Xie Wendong (originally named Xie Wenhan; 1887 – 3 December 1946) a Manchu, was a general of the Northeast Anti-Japanese United Army and commander of its Eighth Army. He later surrendered to the Japanese. Following Japan's unconditional surrender, he was incorporated into the Nationalist government. He was executed on 3 December 1946 during the suppression of banditry in Northeast China.

== Biography ==
Xie Wendong was born in Yongdian Village, Kuandian County, Liaoning in 1887. He was originally a bandit in Northeast China. In 1925, due to a kidnapping incident, he moved his family to the Tulongshan area of ​​Yilan County, Heilongjiang, where he served as a leader of the local militia.
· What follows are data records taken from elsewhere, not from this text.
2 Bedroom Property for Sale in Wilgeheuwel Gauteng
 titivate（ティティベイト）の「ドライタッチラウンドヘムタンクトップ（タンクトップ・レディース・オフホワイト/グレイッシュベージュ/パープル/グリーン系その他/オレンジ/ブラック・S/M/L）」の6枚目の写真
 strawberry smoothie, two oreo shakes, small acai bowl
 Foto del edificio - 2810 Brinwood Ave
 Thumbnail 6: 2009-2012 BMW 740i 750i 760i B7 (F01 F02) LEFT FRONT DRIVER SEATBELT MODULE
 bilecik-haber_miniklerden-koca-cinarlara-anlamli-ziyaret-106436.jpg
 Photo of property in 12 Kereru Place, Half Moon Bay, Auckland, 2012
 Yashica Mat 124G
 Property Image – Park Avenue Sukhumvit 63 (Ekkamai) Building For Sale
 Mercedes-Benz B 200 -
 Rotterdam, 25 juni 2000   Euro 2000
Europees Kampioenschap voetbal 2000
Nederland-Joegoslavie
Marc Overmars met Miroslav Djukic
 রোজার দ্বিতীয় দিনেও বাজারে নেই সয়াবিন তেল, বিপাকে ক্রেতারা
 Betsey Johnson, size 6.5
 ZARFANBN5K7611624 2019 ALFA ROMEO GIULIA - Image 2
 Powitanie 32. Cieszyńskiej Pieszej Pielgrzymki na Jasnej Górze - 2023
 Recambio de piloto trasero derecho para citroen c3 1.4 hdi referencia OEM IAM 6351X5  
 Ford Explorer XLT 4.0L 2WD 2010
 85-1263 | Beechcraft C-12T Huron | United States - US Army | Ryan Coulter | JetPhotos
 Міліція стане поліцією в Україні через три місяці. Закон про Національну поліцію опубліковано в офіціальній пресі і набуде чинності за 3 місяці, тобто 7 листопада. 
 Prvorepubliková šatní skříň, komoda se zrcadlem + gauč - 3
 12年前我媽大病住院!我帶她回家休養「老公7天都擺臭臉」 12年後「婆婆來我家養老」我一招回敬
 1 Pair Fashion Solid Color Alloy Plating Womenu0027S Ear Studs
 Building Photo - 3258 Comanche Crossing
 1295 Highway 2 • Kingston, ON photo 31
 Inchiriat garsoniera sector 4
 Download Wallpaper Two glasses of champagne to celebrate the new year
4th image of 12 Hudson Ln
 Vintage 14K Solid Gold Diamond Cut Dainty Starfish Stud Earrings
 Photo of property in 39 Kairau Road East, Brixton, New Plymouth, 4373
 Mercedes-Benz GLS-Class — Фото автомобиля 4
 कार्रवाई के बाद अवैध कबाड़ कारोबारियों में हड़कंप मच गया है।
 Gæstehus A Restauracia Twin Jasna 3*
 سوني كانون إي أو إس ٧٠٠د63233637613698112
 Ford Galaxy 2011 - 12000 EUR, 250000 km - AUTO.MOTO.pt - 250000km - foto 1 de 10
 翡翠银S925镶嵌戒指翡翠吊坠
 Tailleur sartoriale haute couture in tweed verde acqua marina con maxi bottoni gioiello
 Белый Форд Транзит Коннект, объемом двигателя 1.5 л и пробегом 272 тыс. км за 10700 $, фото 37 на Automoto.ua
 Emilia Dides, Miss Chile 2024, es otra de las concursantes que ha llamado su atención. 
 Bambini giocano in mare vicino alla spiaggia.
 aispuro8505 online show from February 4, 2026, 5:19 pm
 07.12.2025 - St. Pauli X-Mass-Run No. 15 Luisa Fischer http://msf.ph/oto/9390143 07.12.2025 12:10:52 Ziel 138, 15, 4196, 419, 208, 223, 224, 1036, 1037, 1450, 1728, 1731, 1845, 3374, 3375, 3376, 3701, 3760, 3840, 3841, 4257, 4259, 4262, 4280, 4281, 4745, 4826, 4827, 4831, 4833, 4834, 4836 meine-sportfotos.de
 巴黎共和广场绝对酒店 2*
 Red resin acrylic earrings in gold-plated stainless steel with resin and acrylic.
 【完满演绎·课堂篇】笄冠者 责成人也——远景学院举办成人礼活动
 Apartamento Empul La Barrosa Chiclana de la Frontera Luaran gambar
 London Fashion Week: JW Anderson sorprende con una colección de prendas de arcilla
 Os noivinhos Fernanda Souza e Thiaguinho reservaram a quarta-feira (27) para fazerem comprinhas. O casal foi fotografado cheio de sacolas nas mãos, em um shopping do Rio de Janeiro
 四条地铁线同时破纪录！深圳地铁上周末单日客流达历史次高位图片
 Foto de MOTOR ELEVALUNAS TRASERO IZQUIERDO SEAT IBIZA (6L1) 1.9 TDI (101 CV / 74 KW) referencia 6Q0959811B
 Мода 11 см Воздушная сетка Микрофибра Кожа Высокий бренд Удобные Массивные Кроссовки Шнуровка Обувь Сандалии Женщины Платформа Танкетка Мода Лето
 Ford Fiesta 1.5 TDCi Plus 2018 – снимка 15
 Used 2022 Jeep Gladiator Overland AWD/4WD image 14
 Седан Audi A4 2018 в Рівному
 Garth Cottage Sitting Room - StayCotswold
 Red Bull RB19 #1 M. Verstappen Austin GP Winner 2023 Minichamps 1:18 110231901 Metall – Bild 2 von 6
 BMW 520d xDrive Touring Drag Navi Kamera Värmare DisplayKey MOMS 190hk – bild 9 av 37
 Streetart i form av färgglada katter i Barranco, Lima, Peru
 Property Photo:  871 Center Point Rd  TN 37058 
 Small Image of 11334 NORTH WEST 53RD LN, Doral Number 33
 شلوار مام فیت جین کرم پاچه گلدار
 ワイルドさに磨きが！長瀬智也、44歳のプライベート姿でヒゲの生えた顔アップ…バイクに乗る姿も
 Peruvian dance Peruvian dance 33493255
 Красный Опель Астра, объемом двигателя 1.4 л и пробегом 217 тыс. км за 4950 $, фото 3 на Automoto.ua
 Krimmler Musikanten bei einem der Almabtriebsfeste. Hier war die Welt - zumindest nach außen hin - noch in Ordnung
After the Mukden incident, he became a member of General Li Du's Anti-Japanese Self-Defense Army. Later, he organized the Anti-Japanese People's Salvation Army, which became an important part of the Northeast Anti-Japanese Volunteer Army. In 1936, he joined the Northeast Anti-Japanese United Army. On 19 March 1939, he surrendered to Japan after running out of ammunition and food. He then joined the Manchukuo Imperial Army. Following the surrender of Japan, Xie Wendong joined the National Revolutionary Army and participated in the Chinese Civil War. He served as the Lieutenant General Commander of the Second Army Group of the Hejiang Provincial Security Army. On 20 November 1946, Xie Wendong and his son were captured by the 359th Brigade of the Eighth Route Army. On November 21, Xie Wendong and his son were escorted to Yilan County. On 23 November Lin Biao sent a telegram to commend the capture operation. On 3 December a public trial was held in Boli County, and Xie Wendong was executed after the trial.